Dae-ho was intimidatingly tall with a stern face, which made him the most daunting among the other guards. If one wasn't paying close attention enough, one might have misidentified him as a young placid-mannered man. He'd been older, so I was corrected. It was his reserved no-nonsense attitude and specific skillset in tracking me down that hadn't really won me.

His eyes—a bright pale green, like jade—grilled me beneath his gaze, closing after having done so; they almost looked reproachful if he didn't invariably succeed in giving off the impression that he'd seen a nuisance. "You're making this very difficult for your nursemaids, Lady Lili."
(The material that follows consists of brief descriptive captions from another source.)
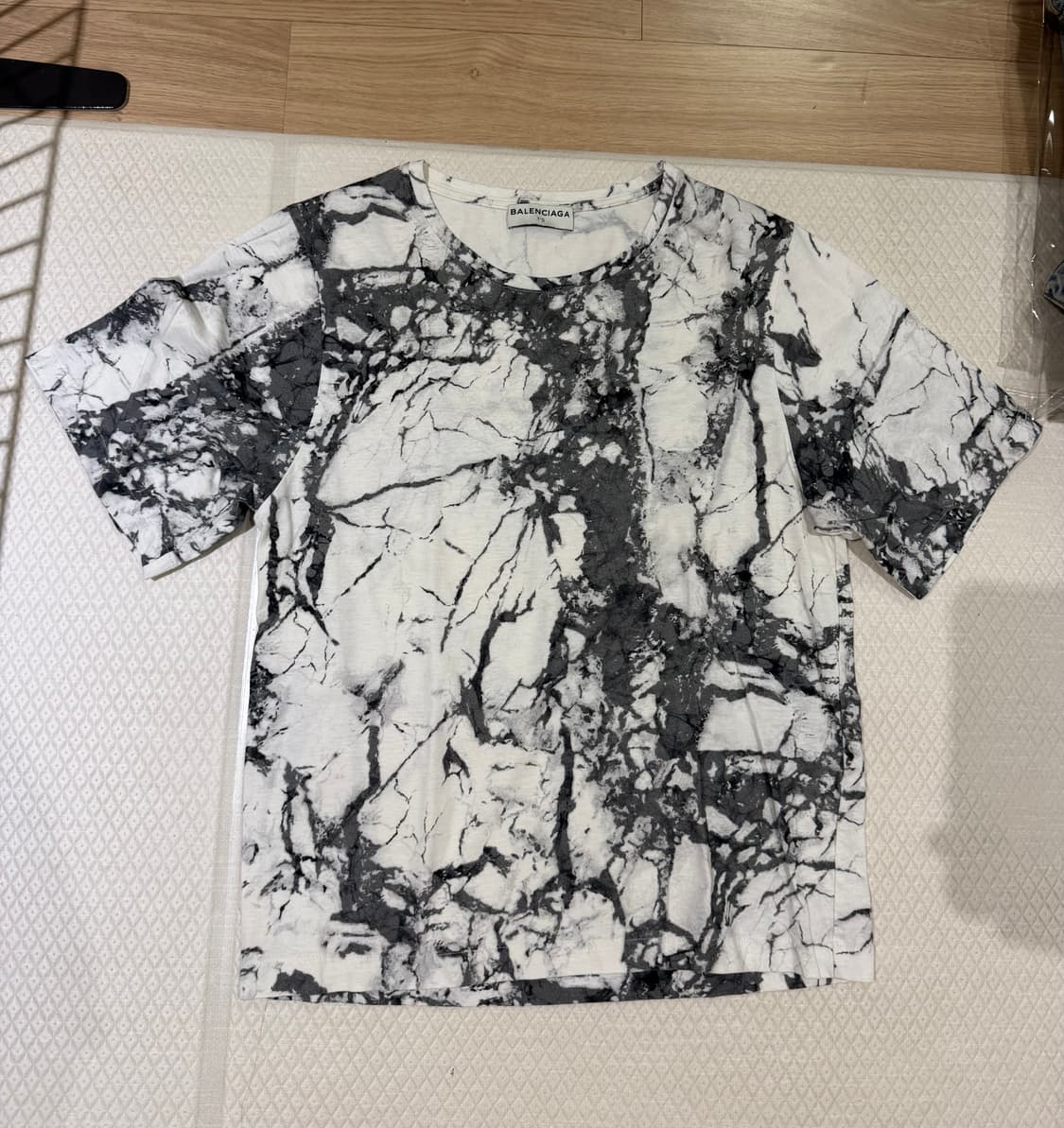 발렌시아가 반팔티셔츠 상품이미지1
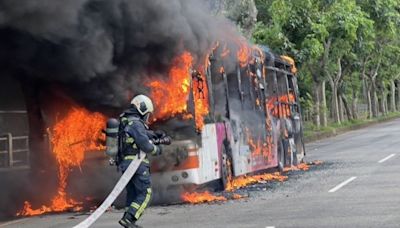 台中公車火燒車！司機急停車疏散乘客 全面燃燒剩骨架 | 社會焦點 - 太報 TaiSounds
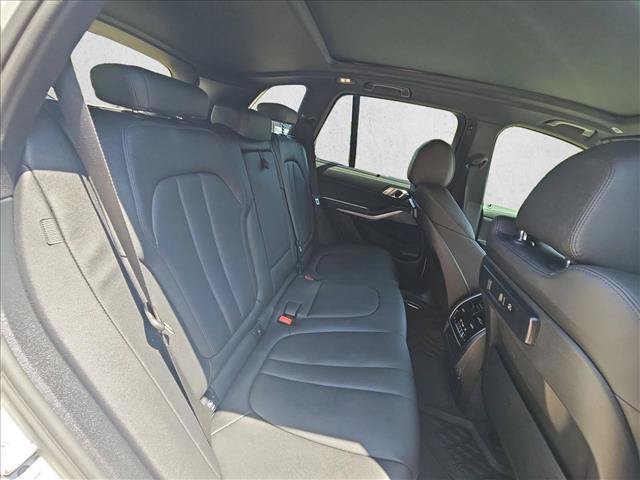 Used 2022 BMW X5 sDrive40i w/ Premium Package RWD image 16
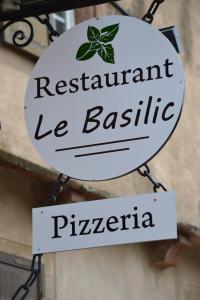 photo-enseigne-basilic.jpg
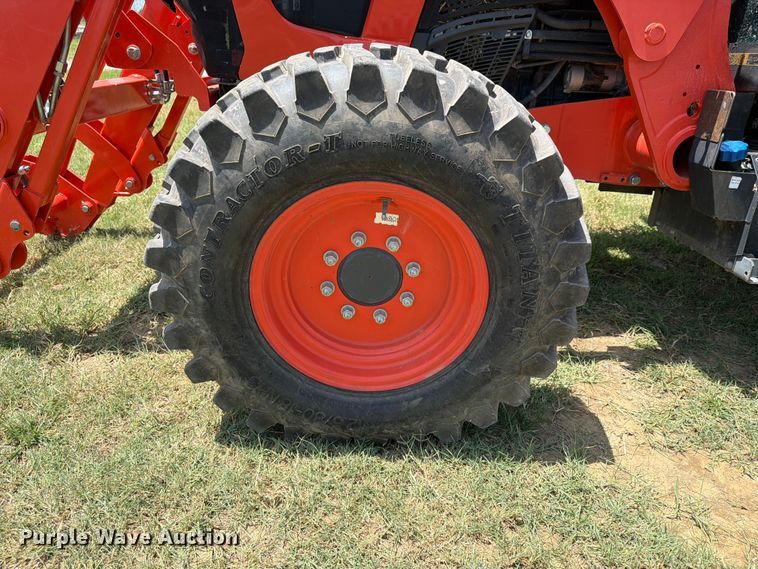 image for item FN2518 2022 Kubota M5-111D MFWD tractor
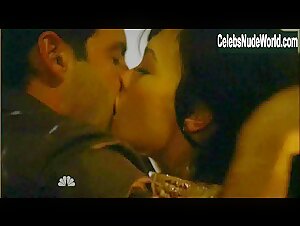 Lindsay Price Sexy,underwear scene in Lipstick Jungle (2008) 3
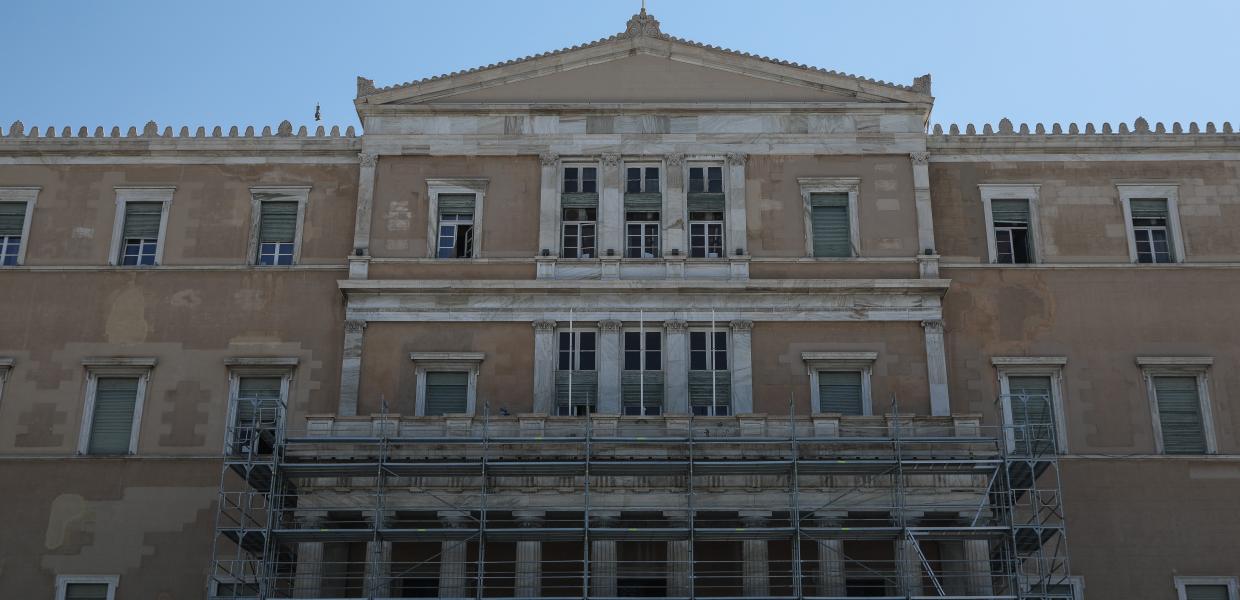 περιστύλιο βουλή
My head tipped innocently to the side. "What do you mean?"

To my defense, my nursemaids weren't always very attentive and I couldn't stand the thought of a servant breathing against my neck. They live to please, to follow orders, and I just wanted to be alone. I even suggested they take a break once but this was followed with a few niceties that I understood as euphemisms for not a chance.

As convincing as I was, Dae-ho seemed to be the only one impervious of my round-eyed guile. I chuckled. "I have you, don't I?" I regarded him chirpily, and then glanced at the vacant space to his left. Something was missing. "Se-hun is not with you."

"He is indisposed at the moment," Dae-ho reasoned, and somberly added, "a fever since last night."

I nodded sympathetically. "Ah. I hope he gets well," the news did evoke a sliver of my concern because Se-hun was a nice man after all, friendlier than poker face Dae-ho. I peered up at him, giving an excuse for myself this time. "I wanted to visit Father but . . ."

The smile on my lips became brittle. "He's left, hasn't he?"

"Just this morning," Dae-ho confirmed, dipping his head down as if to apologize. "Lord An had been summoned to the capital."

The responsibility for the country comes first before the burden of one's own kin, Grandfather Mosu reasoned to me once in the eve of my father's departure to Kuuto. There was great pride among honorable men that willfully accept his duties and to deprive him of his obligations made me ungrateful, so I learned. An Joon-gi was a respected general and an imposing lord, and his absences weren't rare occasions within his own abode.

As dutiful An Lili, I was wise enough to never utter aloud a complaint. As his daughter, I cared enough to wait for his arrival, as long as it may be. However lacking his company now had ingrained a disappointment inside of me that I knew better to never to show.

After a polite exchange of a dismissive nod, I trod away, and Dae-ho tailed behind me, four steps away like always.

I casually just ignored him.

"Lady Lili,"

"Yes, Dae-ho?"

"Your chambers are this way."

I smiled tellingly. "I know."

"Lady Lili, if you would pardon my boldness," Dae-ho said, and I couldn't help but imagine him put a hand to his chest; he was too serious, too prudish to utter aloud anything mean-spirited. A gentleman or an obliged servant, I wasn't sure. Perhaps, I gave the latter an afterthought.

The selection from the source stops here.